Il suo canto, sopra quello del fratello, del cugino e del padre che ormai si accontentano di fare il coro, è stupefacente. I primi ascoltatori non possono che lodare quella magia. La voce di una bambina, travestita da beduino. Sono il padre e il fratello a volerla così. Perché è sconveniente che una femmina si esibisca in pubblico. E che mostri quello straordinario talento. Superiore a quello dei maschi.

In poco tempo in tutta la regione si sparge la voce di questa compagnia che si esibisce con la piccola cantante.

A casa dell’amica Aïcha, la figlia del sindaco, Thuma ascolta per la prima volta una voce. Esce dal fonografo, un oggetto misterioso che lei non ha mai visto. L’uomo che possiede quella voce, esiste veramente? si domanda. I parenti di Aïcha conservano tutti i dischi di Abu El Ala Mohamed, il più grande cantore del mondo arabo. Thuma non riesce a smettere di ascoltarlo. Poco dopo diventerà la sua guida.

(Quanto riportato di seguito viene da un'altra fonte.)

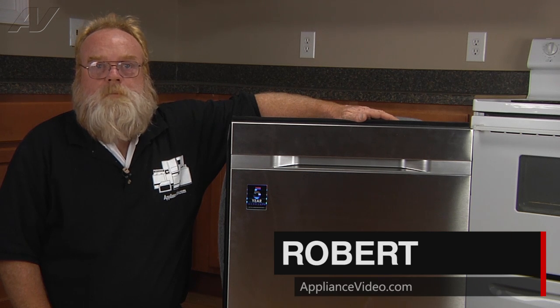I'm Robert with ApplianceVideo.com. Today we'll be taking a look at the water inlet valve on the Samsung WaterWall dishwasher.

Al tempo della Prima guerra mondiale la bambina diviene consapevole del pesante tributo che paga il suo Paese. Basta una parola a definirlo: colonizzazione.

Thuma vede i giovani lavoratori arruolati, gli asini requisiti e i campi di cotone sostituiti dai campi di grano per alimentare l’esercito britannico. Gli inglesi prendono il sangue e il sudore dei giovani arabi e le donne cantano della loro sventura.

A dieci anni, non può non vedere che per sua madre è sempre più difficile calmare la fame delle sue figlie, con la farina che è raddoppiata. Per manifestare il suo desiderio di lotta, insieme alle altre donne, lei canta: Mi sei caro, voglio tornare nel mio paese. Il mio paese, oh mio paese…

La guerra non arresta lo scorrere della vita quotidiana. Thuma si fa sempre più bella, tanto che un giorno un uomo di un villaggio vicino viene a chiedere la sua mano. Offre ettari di terra, ma la ragazza deve rinunciare al canto. Lei rifiuta, non ne vuole sapere di smettere. Per il suo villaggio, a sedici anni, lei è “L’usignolo del Delta”. Nobili, ricchi commercianti la richiedono per cantare alle loro feste. In una di queste l’accompagna al liuto Zakaria Ahmed. “L’avvenire di tua figlia può essere molto importante – confida al padre –. È un peccato che un talento così sorprendente resti chiuso in questo piccolo villaggio. Non la puoi imprigionare qui. Occorre che lei vada al Cairo per studiare e fare il suo apprendistato”. Penseranno lui e lo sceicco Abu El Ala Mohamed a organizzare il viaggio e la sistemazione, nella città meticcia dalle mille opportunità. Lei non può cantare senza conoscere la poesia, la cultura della sua terra e del mondo. E si batterà, con l’aiuto di Fatima per poterlo fare. Anche contro suo padre. L’uomo non accetta che sua figlia possa subire influenze occidentali, per lui le loro tradizioni si esprimono solo attraverso i canti folkloristici, quelli di Sayyid Darwīsh che racconta così bene la vita quotidiana del mercante di latte o del portatore di acqua [Y. Saïah-Baudis, Oum Kalsoum, l’etoile de l’Orient, p. 35].

Il Cairo, poi, in quel momento, è terra di violenti scontri.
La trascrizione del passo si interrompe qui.